La hegemonía reaccionaria es también una evocación de formas de poder que creíamos conclusas, por superadas para siempre. Otra cosa para la que no estábamos preparados: nada se supera para siempre. La arcaica discusión sobre el poder temporal de la religión, por ejemplo. Este furor de las iglesias, la católica en primer lugar, por considerar el laicismo como el principal enemigo que abatir. Quizá el peligro está ahí. Es más fácil cambiar de religión que dejarlas todas. Al final los creyentes en los dioses omnipotentes tienen unos intereses comunes. Porque una de las cosas más curiosas de esta hegemonía reaccionaria está en su pasión por armarse, y la mejor arma que conoció el siglo XX y que desarrolla el XXI son las masas. Armarse de masas para imponerse. Respetando, si no hay más remedio, a las minorías, pero conscientes de que tienen el derecho al poder, secularmente, y que una minoría debe entender que sus derechos se reducen a sobrevivir. En eso han cambiado los tiempos, antes la hubieran liquidado.
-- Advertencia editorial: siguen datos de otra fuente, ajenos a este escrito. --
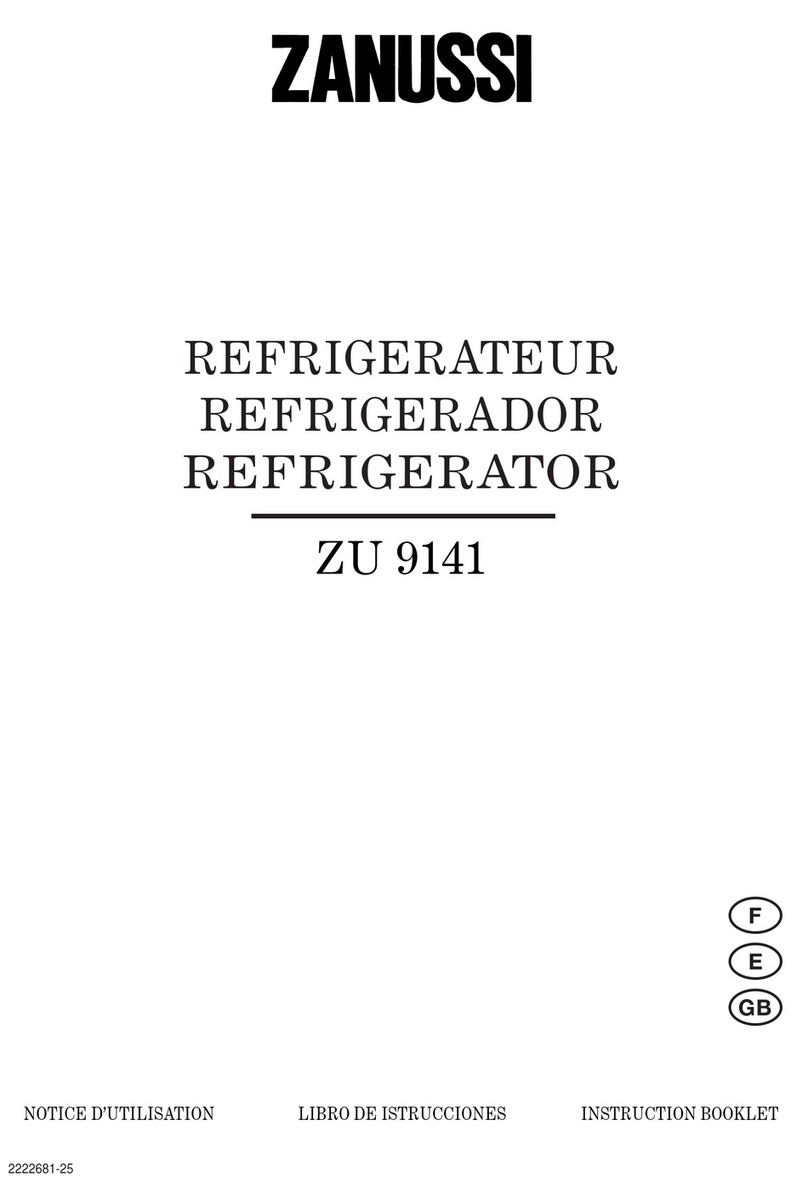 Zanussi ZU 9141 Instruction booklet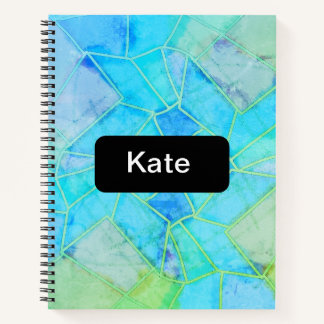 Cuaderno Boceto de tiza verde Mandala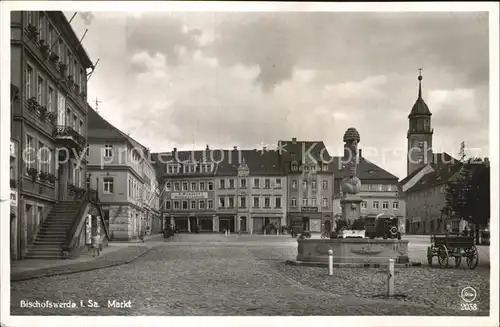 Bischofswerda Marktplatz Brunnen Kat. Bischofswerda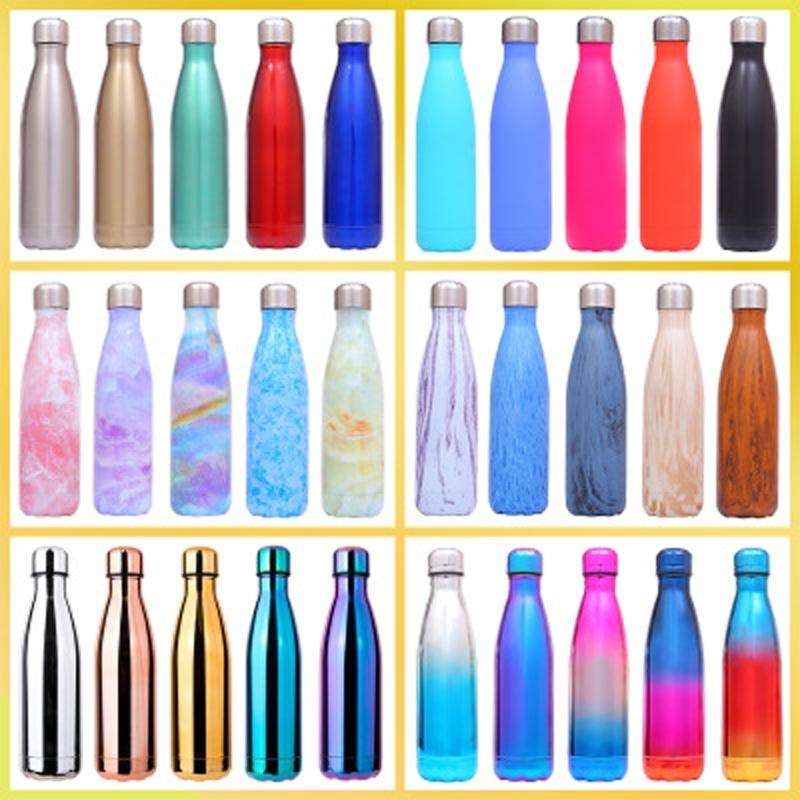 Thermal Cup Vacuum Flask Heat Water Bottle Portable Stainless Steel Sports Kettle, Capacity:500ml...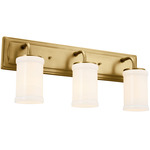 Vetivene Bathroom Vanity Light - Natural Brass / Opal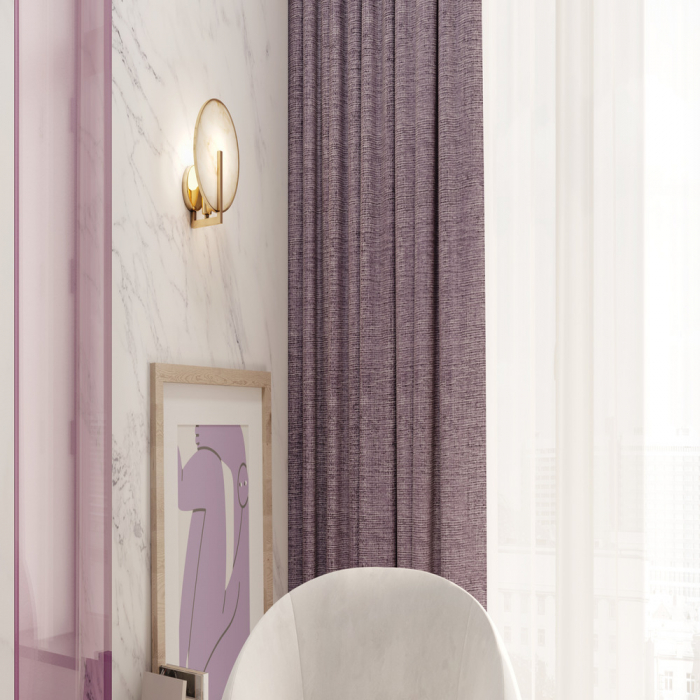 Aplica Marmo MOD099WL-01G2, 1xE14, aurie+alba, IP20, Maytoni [2]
No estamos hablando de cotufas en el golfo, sino de algo que está en nuestro sistema de una manera omnipresente. Fíjense, sin ir más lejos, en lo más obvio de nuestra vida democrática, los partidos políticos. Fíjense en esa pulsión suicida que los domina. Freud explica en numerosos textos las pulsiones y su capacidad autodestructiva. Es un tema fascinante y terrible para el funcionamiento de una sociedad supuestamente abierta. Pero la verdad es que los partidos en España han adquirido una pulsión suicida. Me explico. Un partido político puede optar por un candidato que va a perder, a sabiendas de que rechaza otro que puede ganar. Dos ejemplos de muy distinto signo avalan la teoría. Uno en Asturias y otro en la Comunidad Valenciana.
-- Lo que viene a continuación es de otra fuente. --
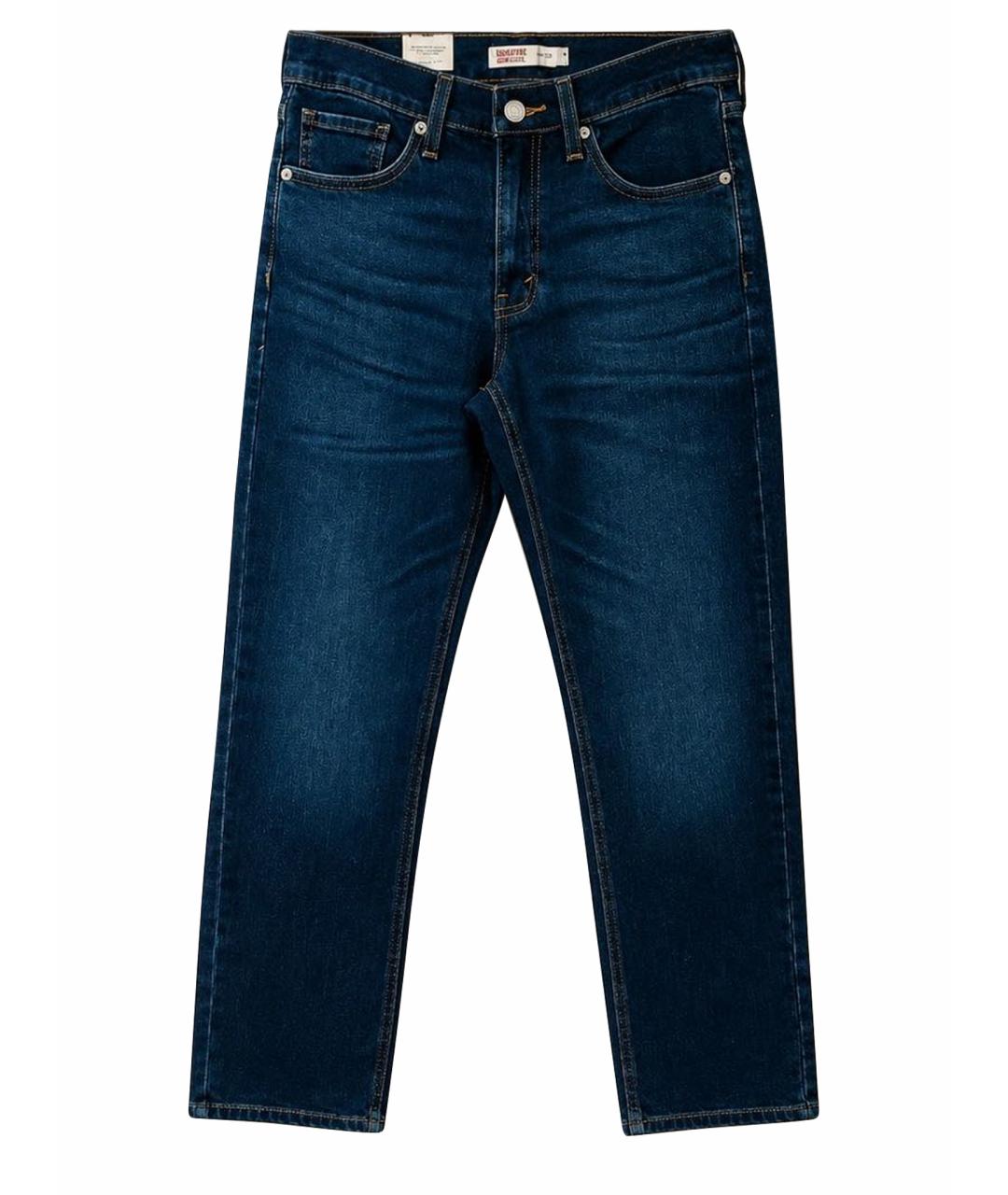 LEVI'S Темно-синие хлопко-эластановые прямые джинсы, фото 1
Asturias es una de las autonomías donde la degradación política alcanza niveles inimaginables. Una corrupción pueblerina, pálida, sin sol, pero eficiente para aguantar en tiempos tan duros. Un tejido mafioso que no necesita matar a nadie, porque sólo se mata cuando surge la competencia y peligra el negocio. En Asturias no peligra nada salvo caer en la ruina de no tener subvención. El Partido Popular se presenta a las elecciones en la conciencia segura de que va a perder y, de pronto, les aparece el candidato Álvarez-Cascos. Un tipo duro, correoso, un profesional. De quién y cómo Cascos llegó a la operación de aspirar a presidente de la comunidad asturiana es otro tema, que bien merecería un análisis, pero ahora estamos en algo obvio. Sin Cascos el PP perderá irremisiblemente en Asturias, y sin embargo es la cúpula del propio partido asturiano la que considera peligroso para el mantenimiento del statu quo la posibilidad de que un candidato de su partido gane las elecciones.

No es único. En Valencia la cúpula del Partido Socialista ha rechazado la posibilidad de que compitieran en elecciones primarias el candidato oficial Jorge Alarte, que no tiene ninguna posibilidad de ganar al PP de Camps en elección alguna, incluidas las de sociedades falleras, y Antoni Asunción, que al menos ofrecía la posibilidad de ponérselo difícil. El aparato del partido decide impedir unas primarias en Valencia, con la connivencia del PSOE central, y asumir que le es menos engorroso dar cumplimiento a la tranquilidad de los dirigentes valencianos enquistados en la derrota que tratar de plantar cara al Partido Popular.

Eso no es otra cosa que una variante más de la hegemonía reaccionaria que nos ha tocado vivir. El más terrible de los refranes castellanos: más vale malo conocido que bueno por conocer.